# Same job, same skills, different job title/pay



## Anju (May 24, 2012)

Hi

My friend works nights at the weekend, and several days during the week, and is having some issues with a new contract. I am his manager as well as friend and am trying to sort things out for him but am being constantly put off or given information that I do not trust. I have done as much reading as possible but there always seem to be a lot of ifs and buts in employment law. As we both work nights it is difficult to sort things out and we are both fairly easy going trusting people.

Today when I emailed my line manager today to ask for confirmation of whether the dayshift weekend person was a full or assistant supervisor he replied asking if we were talking about (nightshift person) or (dayshift person). I replied that we were in effect talking about both as they both had same role. 

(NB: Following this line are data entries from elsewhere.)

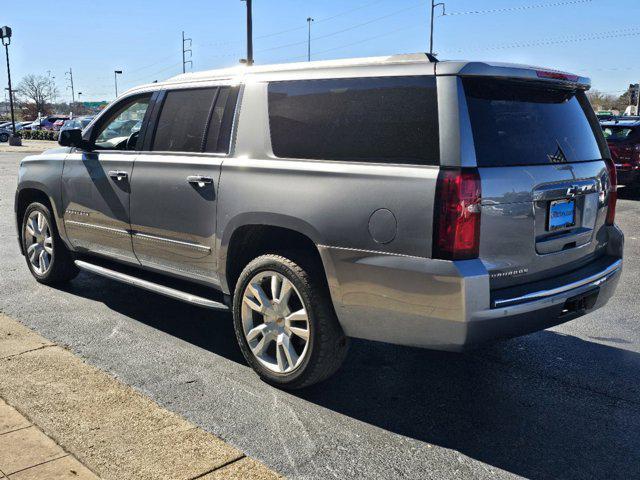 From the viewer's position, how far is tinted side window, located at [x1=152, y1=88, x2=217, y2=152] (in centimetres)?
457

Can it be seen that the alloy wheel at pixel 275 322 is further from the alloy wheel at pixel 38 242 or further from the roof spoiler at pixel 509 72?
the alloy wheel at pixel 38 242

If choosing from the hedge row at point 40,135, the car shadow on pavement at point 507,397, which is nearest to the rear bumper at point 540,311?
the car shadow on pavement at point 507,397

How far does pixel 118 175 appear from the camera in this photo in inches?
199

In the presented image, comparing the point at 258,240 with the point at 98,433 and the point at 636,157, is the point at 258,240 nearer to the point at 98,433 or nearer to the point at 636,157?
the point at 98,433

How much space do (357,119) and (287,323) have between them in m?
1.26

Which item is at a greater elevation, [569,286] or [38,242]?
[569,286]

He has waited a year to be given an actual written contract but has been working in the meantime as an 'assistant supervisor', there is no supervisor on his shift only a manager (me) and another 'assistant supervisor'. He is fine with this during the week but at weekends he is in sole charge of things. It appears that the person who does the dayshift has the job title of supervisor, and therefore better pay. They have pretty much identical skillsets. He is from Pakistan and I'm not sure which country she is from but she is Eastern European (White).

We have had no HR person for well over a year, the MD has been dealing with HR issues! When my friend emailed the recently appointed HR person on my advice my line manager intervened and said that he would speak to him as the HR person had not been around long enough to know what was going on.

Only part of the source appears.